Das Aktionsbündnis fordert auch eine Abkehr von der «täterzentrierten» Berichterstattung der Medien. Ein «Hauptmotiv» von Amokläufern sei der Wunsch nach Berühmtheit, sagte Mayer. Stattdessen sollten die Medien den Opfern «ein Gesicht verleihen», verlangte sie. Dann werde «die Dimension der Grausamkeit und der Menschenverachtung dieser Tat deutlich» und weitere mögliche Täter würden abgeschreckt.

Zudem setzt sich das Bündnis dafür ein, im Internet einen Online-Notruf einzurichten, damit Jugendliche verdächtige Botschaften von anderen anzeigen können. Auch in den Schulen müsse viel deutlicher hingeschaut werden, die Eltern sollten wieder «auf ihre Kinder aufpassen». Mayer betonte: «Alle Täter senden Signale aus vorher. Wir sind nicht aufmerksam genug.»
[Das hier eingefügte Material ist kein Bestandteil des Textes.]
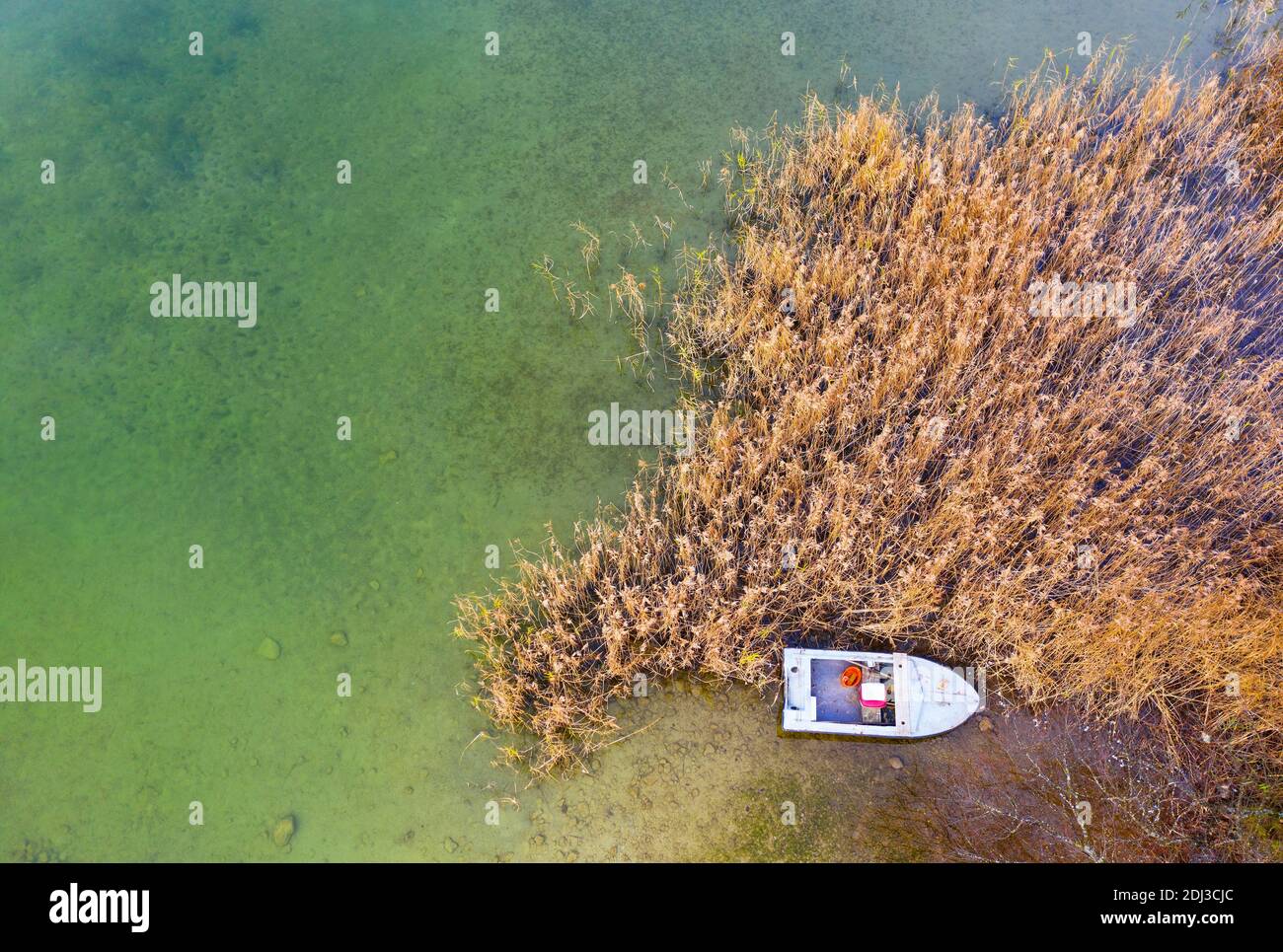 Fischerboot am Schilfgürtel des Irrsee, von oben, Drohnenaufnahme, Luftaufnahme, Zell am Moos, Mondseeland, Salzkammergut, Oberösterreich, Österreich Stockfoto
Das Bündnis plant unter dem Dach der Diakonie die Gründung einer «Stiftung gegen Gewalt an Schulen». In dem Bündnis sind nicht alle Eltern der Winnender Todesopfer vertreten. Einige wollten in ihrer Trauer nicht an die Öffentlichkeit gehen, sondern «einfach in Ruhe gelassen werden», sagte Schober. Bedenken gegen das Aktionsbündnis an sich habe es aber nicht gegeben. Die Arbeit in dem Bündnis sei für die beteiligten Eltern Zeichen dafür, dass ihre Kinder «nicht umsonst gestorben» seien.

Einen Kontakt zu den inzwischen aus dem Ort fortgezogenen Eltern des Täters Tim K. hatten die Angehörigen der Opfer nicht. Dies sei «nicht gewünscht», sagte Mayer. «Was wollen wir mit den Eltern bereden?» Jede «Art der Begründung», die die Eltern des Amokläufers anführen könnten, «greift zu kurz». Die Eltern hätten «unendlich leichtsinnig gehandelt». Der Vater des Jugendlichen ist Sportschütze, der 17-Jährige hatte eine der im Elternhaus aufbewahrten Waffen benutzt.
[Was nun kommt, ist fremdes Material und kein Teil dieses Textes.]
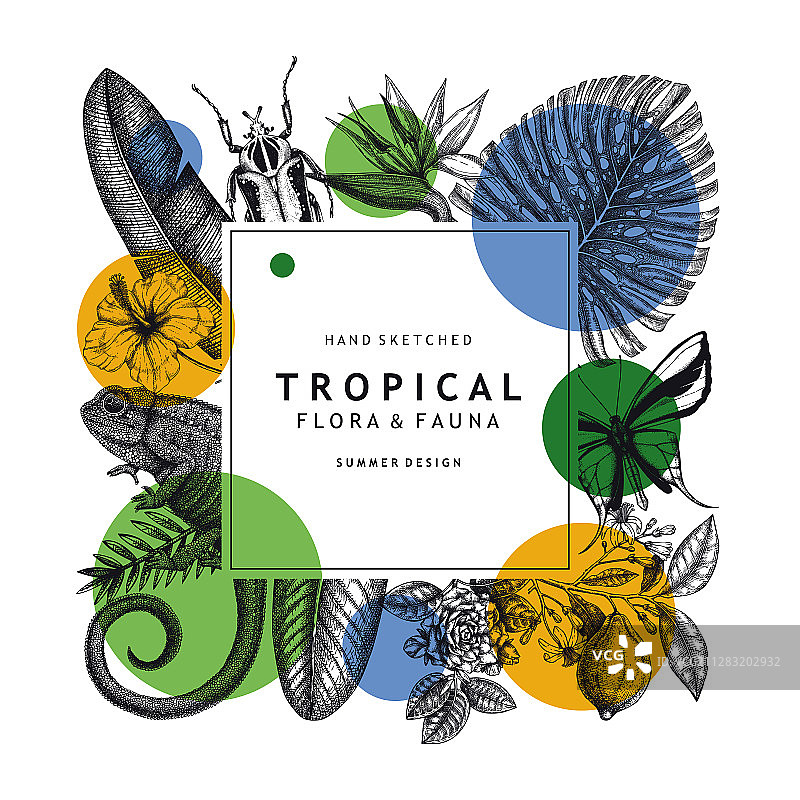 带几何元素的热带花环设计图片素材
Die Unterschriftenlisten sind online unter aktionsbuendnis-amoklaufwinnenden.de erhältlich. Die Aktion läuft bis 20. Juni. Die Listen sollen anschließend dem Bundestag übergeben werden.

Bei dem Amoklauf am 11. März tötete Tim K. 15 Menschen. Zwei Zivilbeamte wurden schwer verletzt, anschließend nahm der Täter sich das Leben.